Using patient derived induced-pluripotent stem cells (iPSC) to define the role of pathogenic DNMT3A mutations in Tatton-Brown-Rahman Syndrome (TBRS)

Using patient derived induced-pluripotent stem cells (iPSC) to define the role of pathogenic DNMT3A mutations in Tatton-Brown-Rahman
Syndrome (TBRS)


Serge Mc GRAW, PhD

Research Scientist, Embryonic and Developmental Epigenetics Lab, Centre de Recherche du CHU Ste-Justine
Assistant Professor, ​ Department of Obstetrics and Gynecology, Faculty of Medicine, Université de Montréal

Abstract

Rare germline heterozygous mutations in functional DNMT3A (DNA methyltransferase 3A) domains cause an overgrowth intellectual disability syndrome called Tatton-Brown-Rahman Syndrome (TBRS). DNMT3A is essential for establishing DNA methylation marks, epigenetic modifications implicated in gene regulation and genome stability, that are crucial to establish and maintain proper cellular identity. We remain unaware of how pathogenic sequence variants in human DNMT3A contribute to alterations in molecular and cellular processes at the origin of the neurodevelopmental disorders observed in TBRS patients.

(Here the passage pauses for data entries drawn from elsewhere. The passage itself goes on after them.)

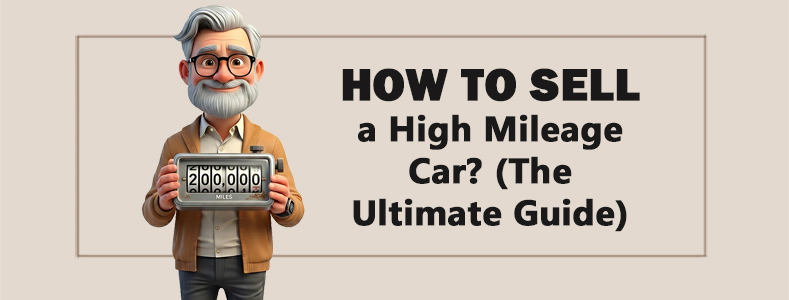 How to Sell a High Mileage Car? (The Ultimate Guide) 1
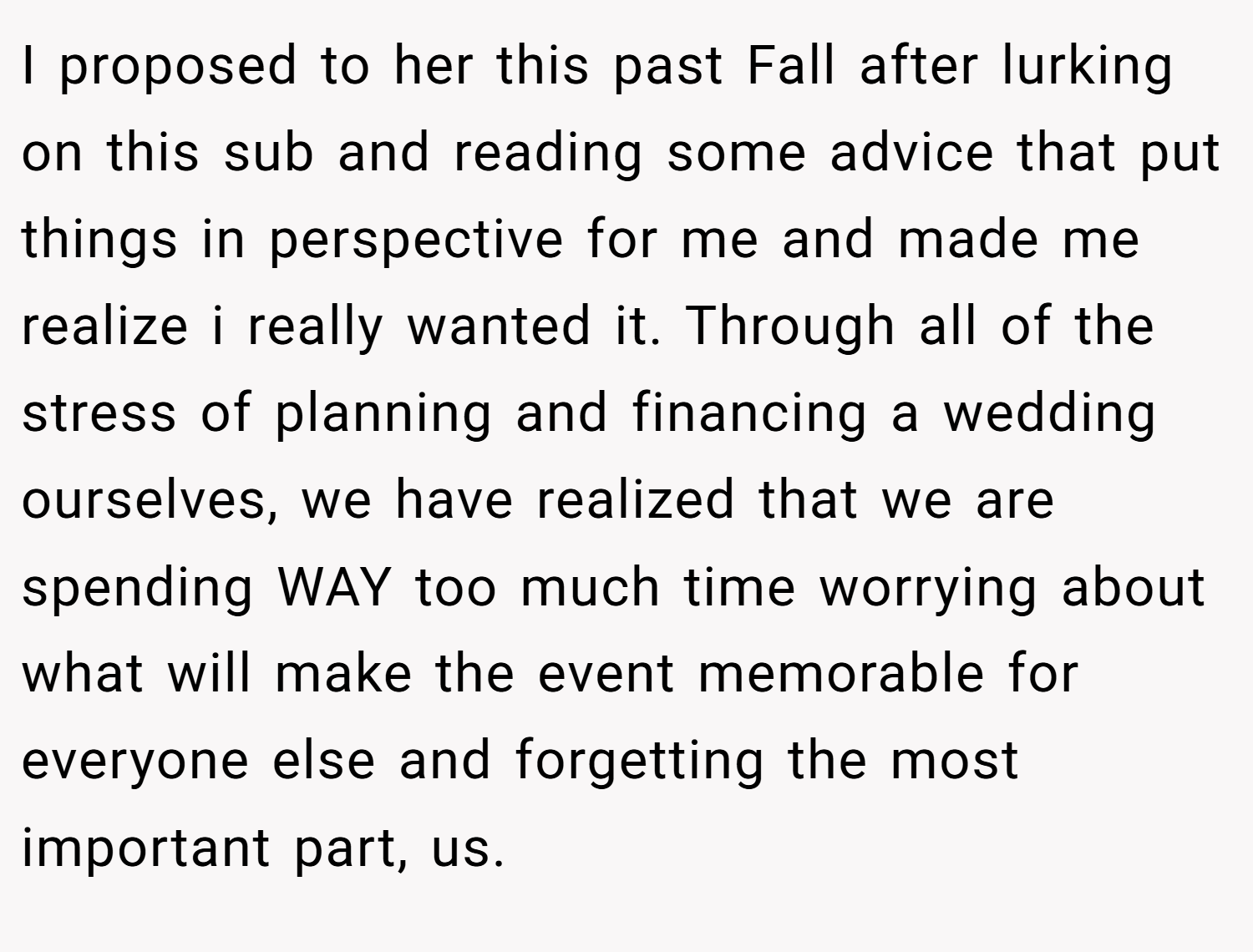 I proposed to her this past Fall after lurking on this sub and reading some advice that put things in perspective for me and made me realize i really wanted it. Through all of the stress of planning and financing a wedding ourselves, we have realized that we are spending WAY too much time worrying about what will make the event memorable for everyone else and forgetting the most important part, us.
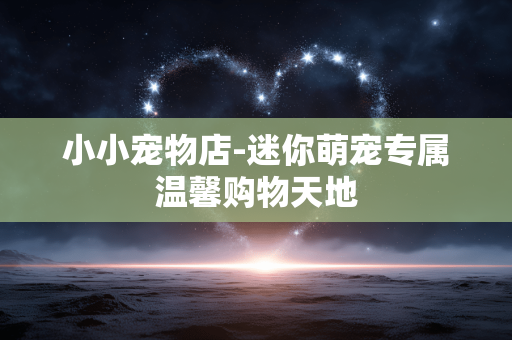 小小宠物店-迷你萌宠专属温馨购物天地 小小宠物店-迷你萌宠专属温馨购物天地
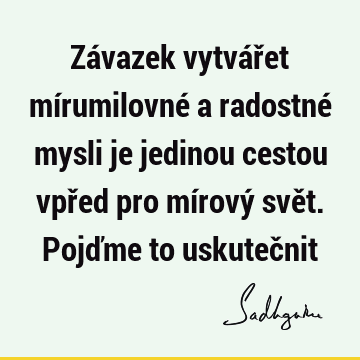 Závazek vytvářet mírumilovné a radostné mysli je jedinou cestou vpřed pro mírový svět. Pojďme to uskuteč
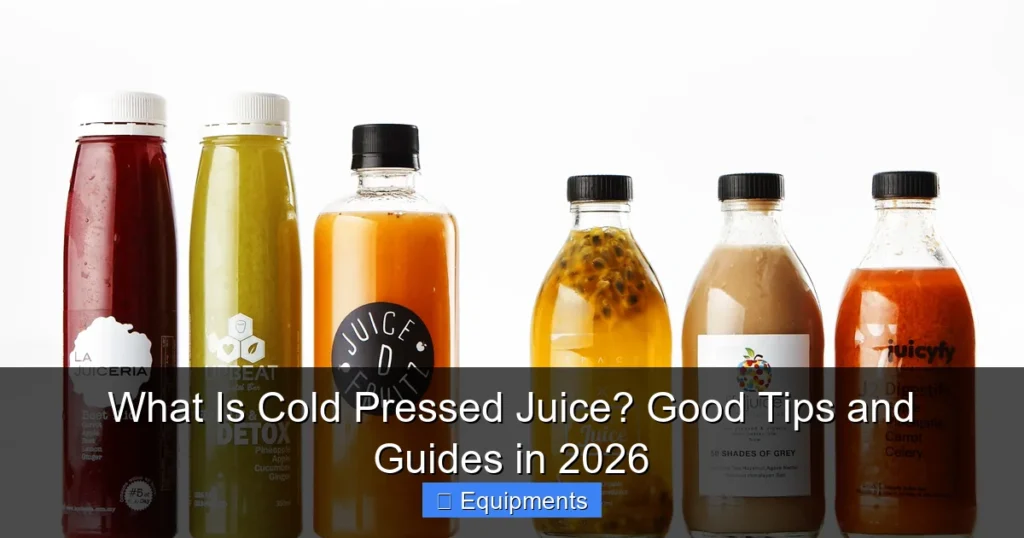 What Is Cold Pressed Juice? Good Tips and Guides in 2026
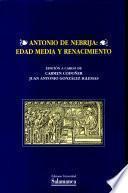 Antonio de Nebrija: Edad Media y Renacimiento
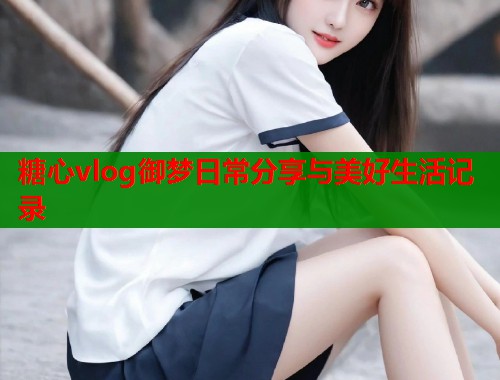 糖心vlog御梦日常分享与美好生活记录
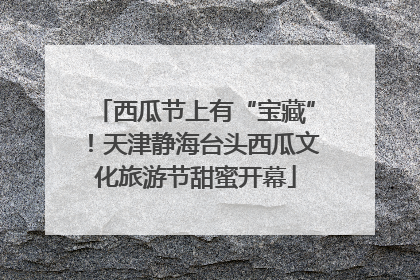 西瓜节上有“宝藏”！天津静海台头西瓜文化旅游节甜蜜开幕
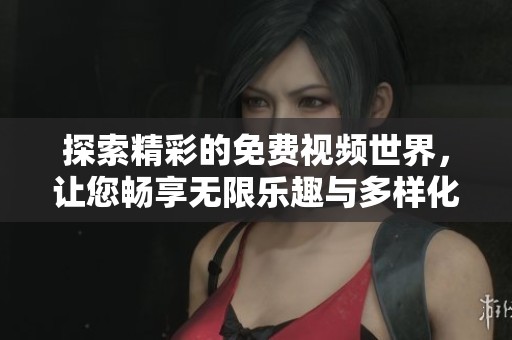 探索精彩的免费视频世界，让您畅享无限乐趣与多样化体验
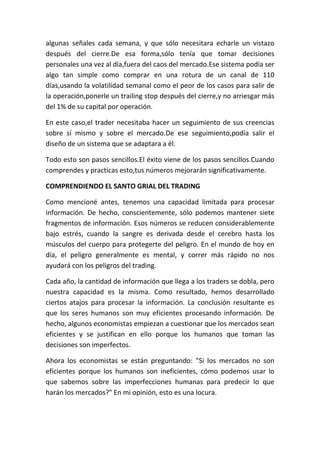 algunas señales cada semana, y que sólo necesitara echarle un vistazo
después del cierre.De esa forma,sólo tenía que tomar decisiones
personales una vez al día,fuera del caos del mercado.Ese sistema podía ser
algo tan simple como comprar en una rotura de un canal de 110
días,usando la volatilidad semanal como el peor de los casos para salir de
la operación,ponerle un trailing stop después del cierre,y no arriesgar más
del 1% de su capital por operación.

En este caso,el trader necesitaba hacer un seguimiento de sus creencias
sobre sí mismo y sobre el mercado.De ese seguimiento,podía salir el
diseño de un sistema que se adaptara a él.

Todo esto son pasos sencillos.El éxito viene de los pasos sencillos.Cuando
comprendes y practicas esto,tus números mejorarán significativamente.

COMPRENDIENDO EL SANTO GRIAL DEL TRADING

Como mencioné antes, tenemos una capacidad limitada para procesar
información. De hecho, conscientemente, sólo podemos mantener siete
fragmentos de información. Esos números se reducen considerablemente
bajo estrés, cuando la sangre es derivada desde el cerebro hasta los
músculos del cuerpo para protegerte del peligro. En el mundo de hoy en
día, el peligro generalmente es mental, y correr más rápido no nos
ayudará con los peligros del trading.

Cada año, la cantidad de información que llega a los traders se dobla, pero
nuestra capacidad es la misma. Como resultado, hemos desarrollado
ciertos atajos para procesar la información. La conclusión resultante es
que los seres humanos son muy eficientes procesando información. De
hecho, algunos economistas empiezan a cuestionar que los mercados sean
eficientes y se justifican en ello porque los humanos que toman las
decisiones son imperfectos.

Ahora los economistas se están preguntando: "Si los mercados no son
eficientes porque los humanos son ineficientes, cómo podemos usar lo
que sabemos sobre las imperfecciones humanas para predecir lo que
harán los mercados?" En mi opinión, esto es una locura.
 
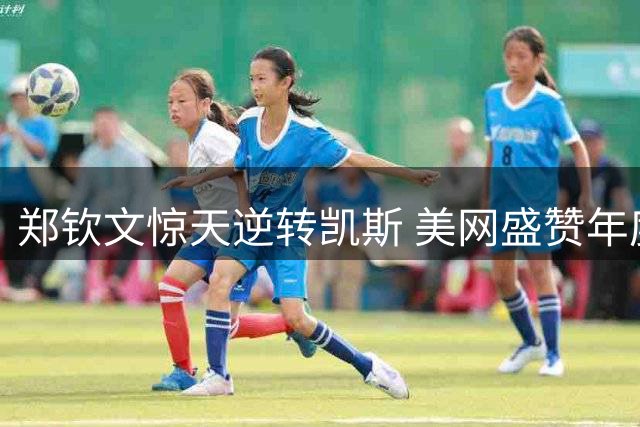 郑钦文惊天逆转凯斯 美网盛赞年度最伟大翻盘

Using cells from two TBRS patients carrying different single mutations in the methyltransferase domain of DNMT3A (DNMT3A+/mut), as well as control patients (DNMT3A+/+), we generated induced-pluripotent stem cells (iPSC), derived these cells into neuronal progenitor cells (NPC) and terminally differentiated neurons to uncover the impacts of pathogenic DNMT3A haploinsufficiency during brain cell development. We show that DNA methylation and gene expression alterations present in DNMT3A+/mut iPSC are exacerbated during the progression into NPC. A significant number of these alterations are conserved between mutations, pointing towards common pathways targeted by the PRC2 repressive complex (Polycomb 2 repressive complex). When we further differentiate DNMT3A+/mut into cortical neurons, the neurons show significant expression alterations associated with key genes (eg., NEUROD1, FOXJ1, PAX6, PAX7) regulating brain development and cell fate commitment, and related to characteristic phenotypes observed in TBRS patients.

Our data suggest that, as pluripotent cells undergo cellular differentiation and lineage commitment, the negative impact of pathogenic DNMT3A mutations on the distribution of DNA methylation marks and gene expression profiles intensifies, thus potentially altering cell fate and contributing to the developmental outcomes observed in TBRS patients.


Biography

Dr. Serge McGraw is an Associate Professor in the Department of Obstetrics and Gynecology at the Université de Montréal (Montréal, Canada).  His principal research interests are focused on the harmful developmental outcomes caused by epigenetic instabilities arising from alterations in DNA methylation profiles during early embryogenesis. By combining in vitro stem cell (mES, patient iPS) models as well as in vivo mouse models with multi-omics sequencing approaches, his laboratory aims at understanding how perturbations in the early embryonic program may lead to epigenetics errors driving in the occurrence of prenatal or after birth developmental disorders.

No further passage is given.